◆ WHAT YOU NEED TO DO
Exact reproduction of the data is required, with images excluded.

◆ COLLECTED DATA
=== Section Start ===

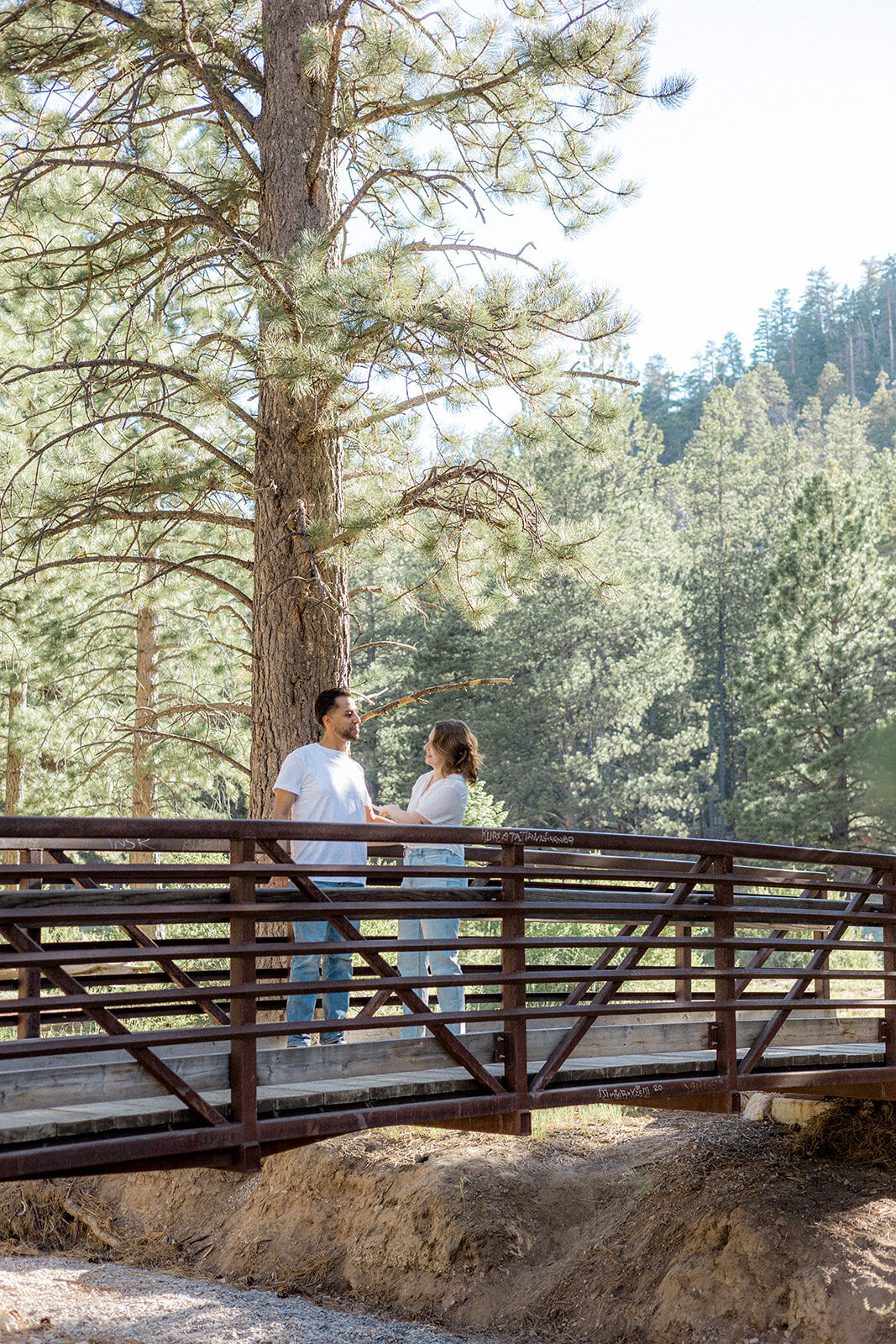 A couple stands on a wooden bridge in the forest, looking at each other with soft smiles, surrounded by tall pine trees.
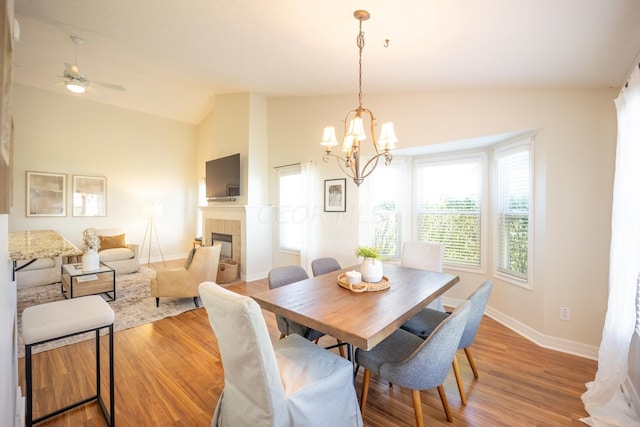 dining room featuring a tile fireplace, ceiling fan with notable chandelier, hardwood / wood-style flooring, and lofted ceiling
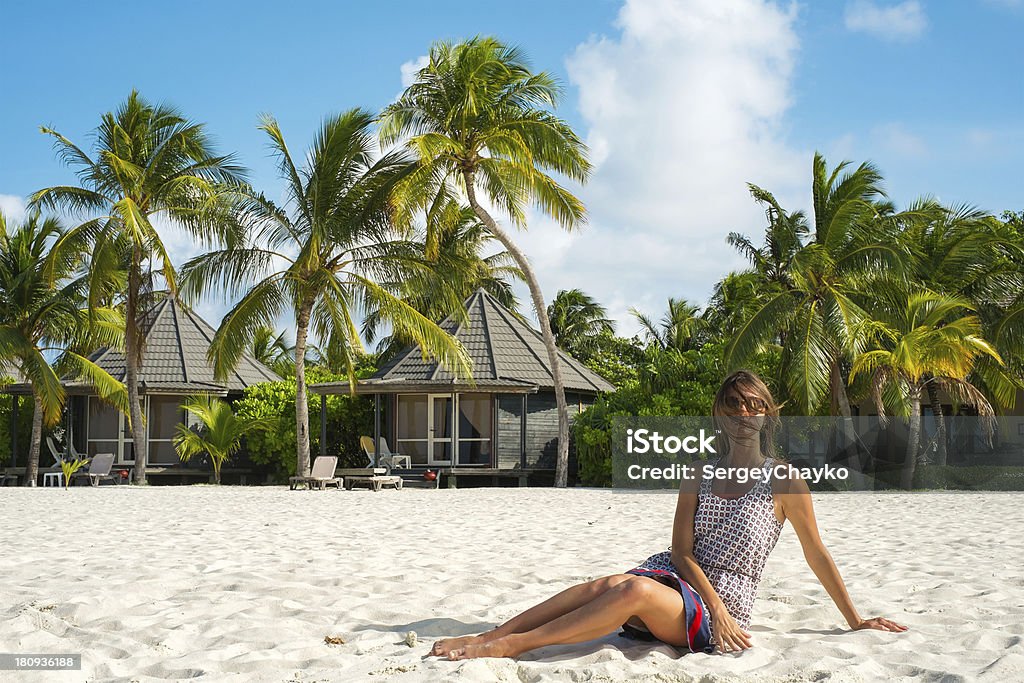 Girl on the white sandy beach (Maldives - Lhaviyani Atoll) The girl on the white sandy beach (Maldives - Lhaviyani Atoll) Adult Stock Photo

=== Section End ===

◆ COMPLETED EXERCISE
 A couple stands on a wooden bridge in the forest, looking at each other with soft smiles, surrounded by tall pine trees.
 dining room featuring a tile fireplace, ceiling fan with notable chandelier, hardwood / wood-style flooring, and lofted ceiling
 Girl on the white sandy beach (Maldives - Lhaviyani Atoll) The girl on the white sandy beach (Maldives - Lhaviyani Atoll) Adult Stock Photo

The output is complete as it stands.